Probably $25,000. Having said that, quite frankly, if someone walked through the door and applied for $10,000 to get a business off the ground, we'd take a look at it -- but it's not our stock in trade.
I'd say our average small-business loan is in the $150,000 area. We are, as far as I know, the only mutual savings bank with SBA preferred lender status, which allows you to evaluate a credit in-house, but you have to do the lending in some volume for that status. Last year, we did $29 million in SBA lending, and we've got a total of $143 million on the books.
The 40-basis-point servicing fee and the reduced guarantees might discourage other banks from being as strongly involved in SBA lending as we have been, so we might have more applications heading our way.
On the other hand, reducing guarantees might hurt secondary market sales, and that means you'll have to retain more capital, so the reductions seem counterproductive.
We're making small-business loans down to $1,000, and I've probably made them smaller than that. But having a small bank, $115 million in assets, and being in a community of 8,500 people, we make loans to individuals as small as $200, $300, $400 all the time.
Our average small-business loan is $25,000 to $50,000, but lately, a lot of this lending is aimed at helping keep afloat the businesses that depend on our lake.
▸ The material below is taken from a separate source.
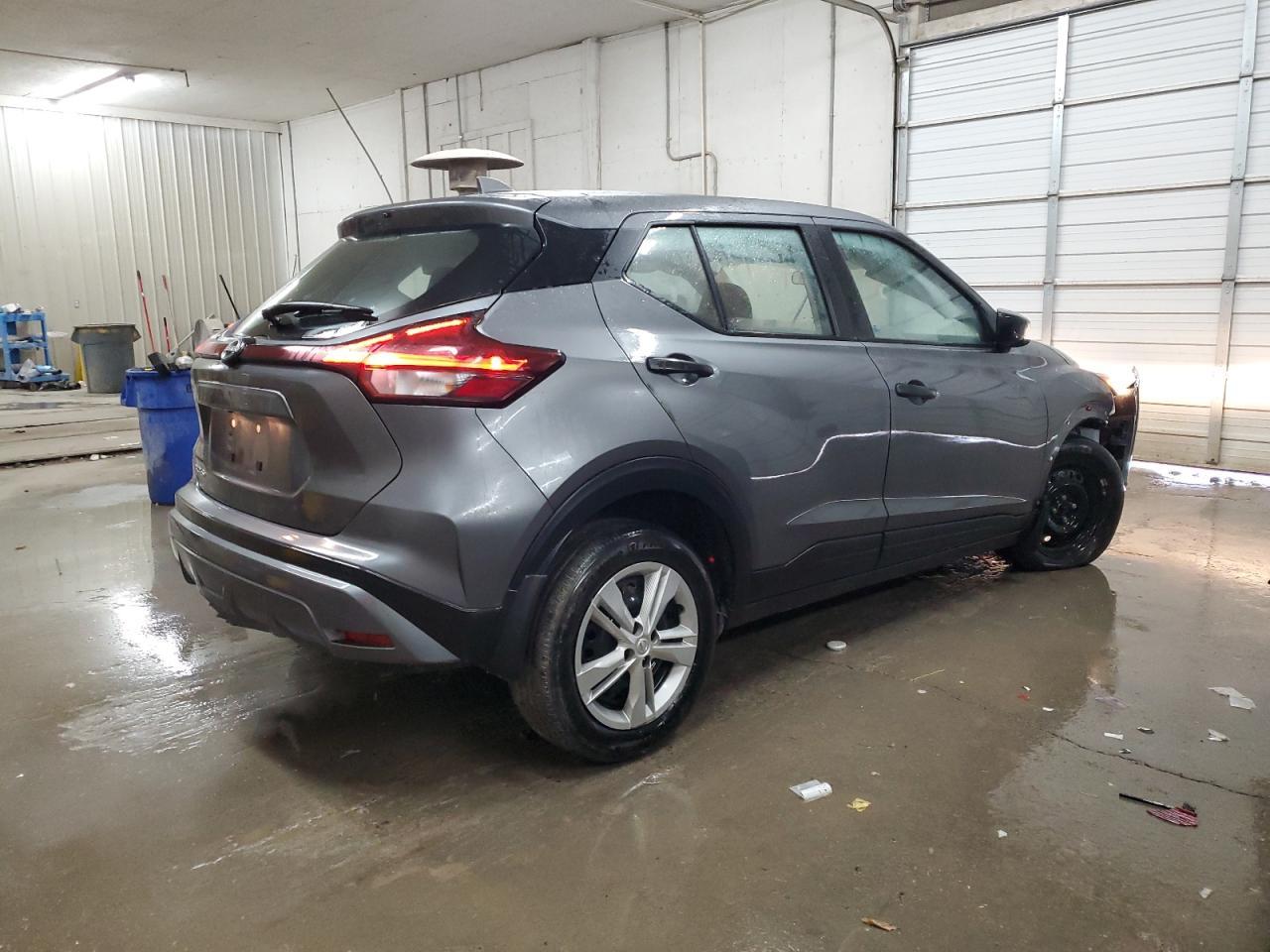 2024 Nissan Kicks S - Image 3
It's a Corps of Engineers lake, and the water got so high during the flooding that it shut down marinas and boat dealers, so we're providing cash-flow funds to help them survive.
We have some SBA loans on the books, but we need them, so we don't sell any of them in the secondary market. That means were not worried about the new fees for selling the loans at a premium, but, if we ever got to the point where we needed to sell them, the fees might have an effect our SBA lending decisions.
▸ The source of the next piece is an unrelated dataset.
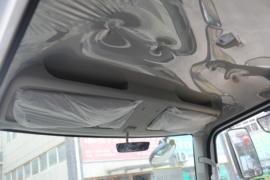 T5 电动冷藏车驾驶室图片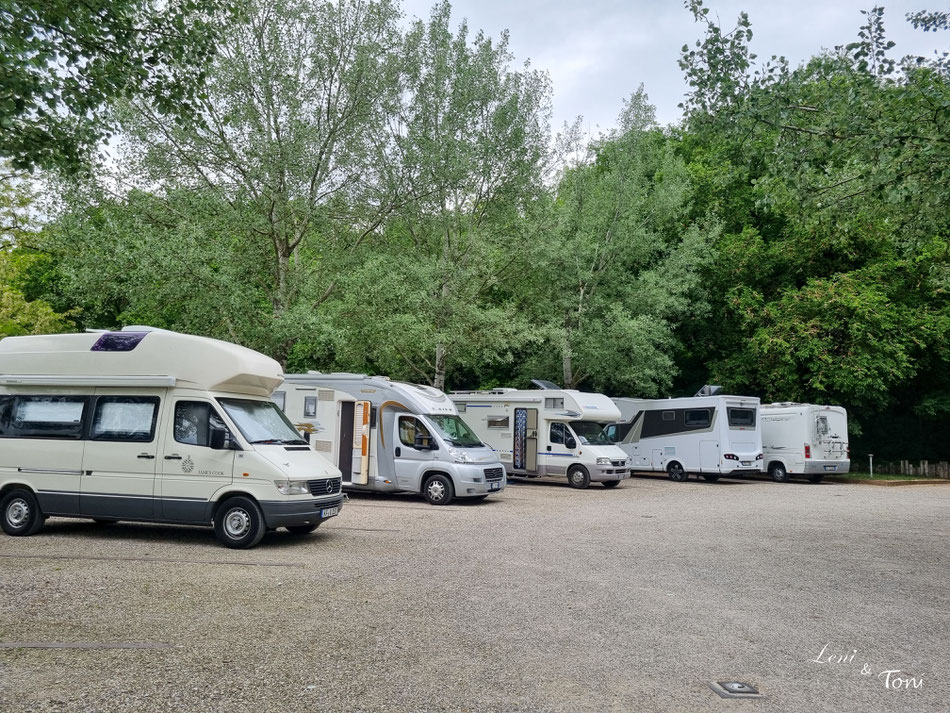 Der Stellplatz liegt keine 10 Minuten zu Fuß vom malerischen Borghetto entfernt und bietet viel Schatten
We serve many small business with loans as small as $5,000 and $10,000. Over time, some of those businesses grow to have significant accounts, which significantly enhances lending yield. And there isn't much competition for small-business loans, so we get fair pricing.
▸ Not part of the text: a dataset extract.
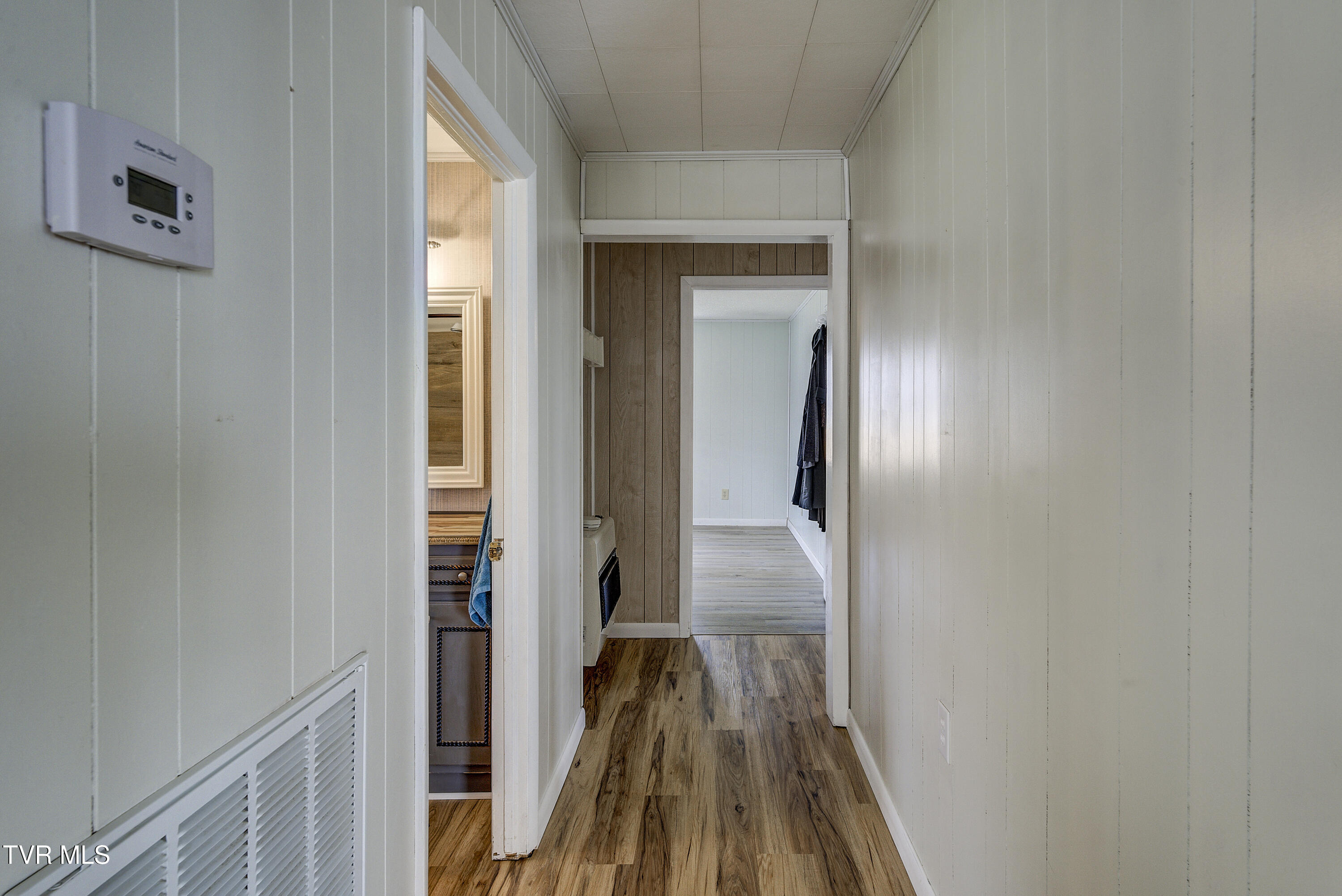 121 Smith Avenue Erwin, TN 37650 - Photo 8 of 38 Smith2-5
Our average small-business loan is probably in the $200,000 area. We are doing SBA lending and, while we don't have as large a portfolio as we'd like to have, it is a lucrative area of business for us.
Small-business loan demand is not very strong but, this year, we expect to book $5 million in SBA loans. Additionally, our new small-business borrowings should exceed $50 million -- and we're expecting $50 million to $100 million in renewals.
I don't think the new SBA fees or reduced guarantees will be deal breakers, because we apply the same guidelines we have for nonguaranteed loans, and we are maintaining them in our portfolio.